Ruang yang pada dasarnya satu (bumi) dipecah menjadi satuan satuan yang sama. Kilo meter, yard, inchi dll. Karena akal memahami bahwa satu kilometer persegi di Indonesia sama baik ukuran maupun kualitasnya dengan satu kilometer persegi di Amerika. Hasilnya adalah kesulitan akal untuk memamahami ada orang yang membedakan tempat-tempat yang suci dan yang profan karena menurutnya sejengkal tanah di Cianjur tidak akan ada bedanya dengan sejengkal tanah di Yerusalam atau Mekkah.
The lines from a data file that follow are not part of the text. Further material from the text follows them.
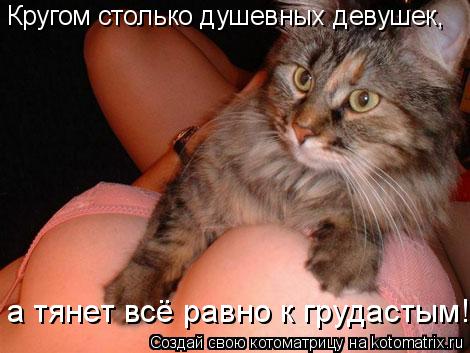 Котоматрица: Кругом столько душевных девушек,  а тянет всё равно к грудастым!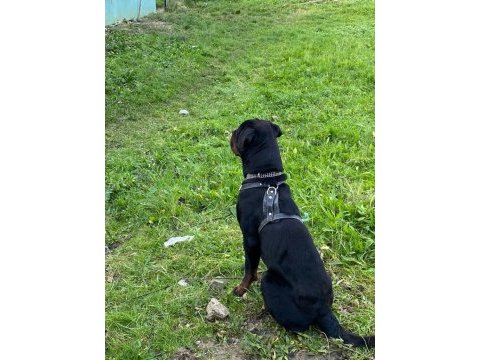Safkan rottweiler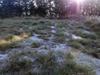 next photo: frost on the ground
Yang menarik ialah tentang kecenderungan akal yang juga memilah dimensi waktu kedalam satuan-satuan ; milinium, abad, dasawarsa, tahun, bulan, minggu hari, waktu dan lain sebagainya. Pengalaman Fenomenal berangkat dari analisa akal. Hal itu berbeda dengan pengalaman Eksistensial yang masih menurut Bergson pengalaman ini didasari oleh nilai emosi, mental, spiritual manusia. Pengalaman eksistensial tentang ruang dan waktu, tentunya bukanlah pengalaman sebagaimana dikonsepsikan oleh akal, melainkan pengalaman yang kita rasakan dan alami.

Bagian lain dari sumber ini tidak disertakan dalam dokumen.